Q&A With Author Donald B. Kraybill

Q: Why did you compile such a book?
A: I thought we needed a single book to provide both a broad overview and a short and concise introduction to all the Anabaptist groups in North America. Many people don’t realize how many different groups there are, how diverse they are, and where they are located. So I wrote Concise Encyclopedia as a single one-stop source for journalists, students, scholars, and others interested in learning about the Anabaptists of North America.

Q: Why did you write all the entries yourself?
A: It's true that the essays in many encyclopedias have contributions by individual specialists. This volume is unique because I wanted it to be very concise and so I wrote short overview essays. By writing them myself, I could keep the style, content, and tone uniform. In some ways doing it this way complicated the process because I had to master so much information.
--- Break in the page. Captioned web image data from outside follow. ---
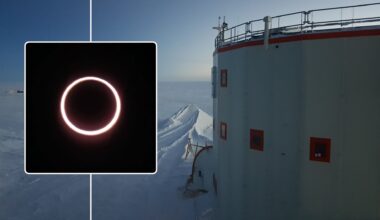 a cylinder building on the right with windows. on the left is an inset image showing a ring of fire solar eclipse.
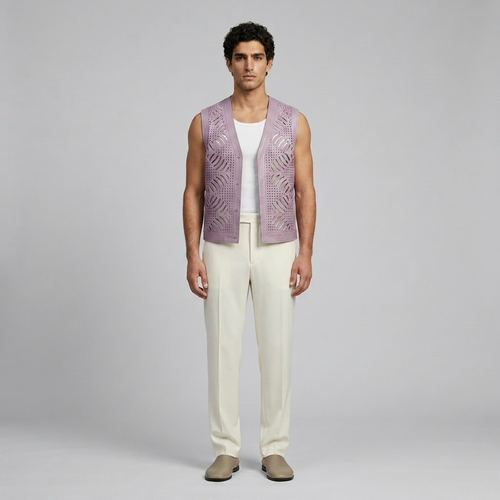 Cutwork Statement Vest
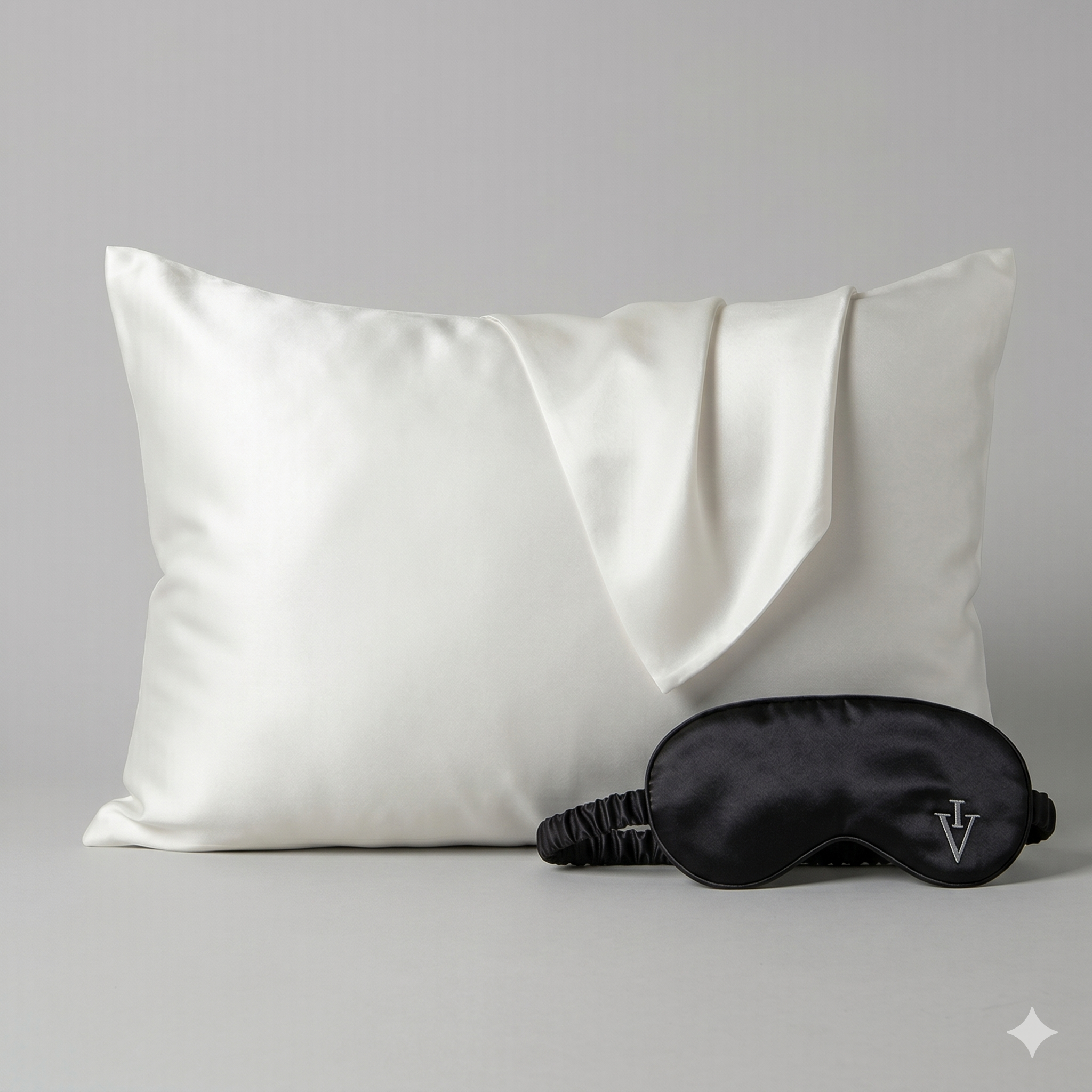 Pack 3 - Funda Queen seda + Antifaz - Color a elección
On the other hand, it made it easier because I didn’t have to work with dozens of other people!

Q: How do you decide which groups to include?
A: Well, there are four major Anabaptist tribes: Amish, Brethren, Hutterites, and Mennonites. All of them, in one way or another, trace their roots to the Anabaptist Movement at the time of the Reformation in 16th-century Europe. So that was a pretty easy choice. However, inside those tribes or groups, there are many subgroups. Occasionally it was difficult to decide whether or not a subgroup should be included or excluded. I used four criteria: if the group used one of the four group names (e.g., “Amish”) in the name of their group; if in its own literature the group described itself as “Anabaptist”; if the group was listed in a directory of Anabaptist churches; and if the group identified itself with a network or fellowship of Anabaptist-related churches.

Q: Who are Anabaptists?
A: At the time of the Protestant Reformation, they were a small left-wing movement that argued for and practiced adult baptism, sometimes called “believers baptism.” Adult baptism was heresy, punishable by death. The deeper issue at stake was the now-taken-for-granted issue of the separation of church and state. The Anabaptists argued that the church should be free from state authority and have the right to determine its own beliefs and practices. Because these rebels had already been baptized as infants they were nicknamed “Anabaptists” (i.e., rebaptizers) by their opponents. Contemporary religious groups such as the Amish and Mennonites, who trace their religious lineage to this theological heritage, are known as Anabaptists.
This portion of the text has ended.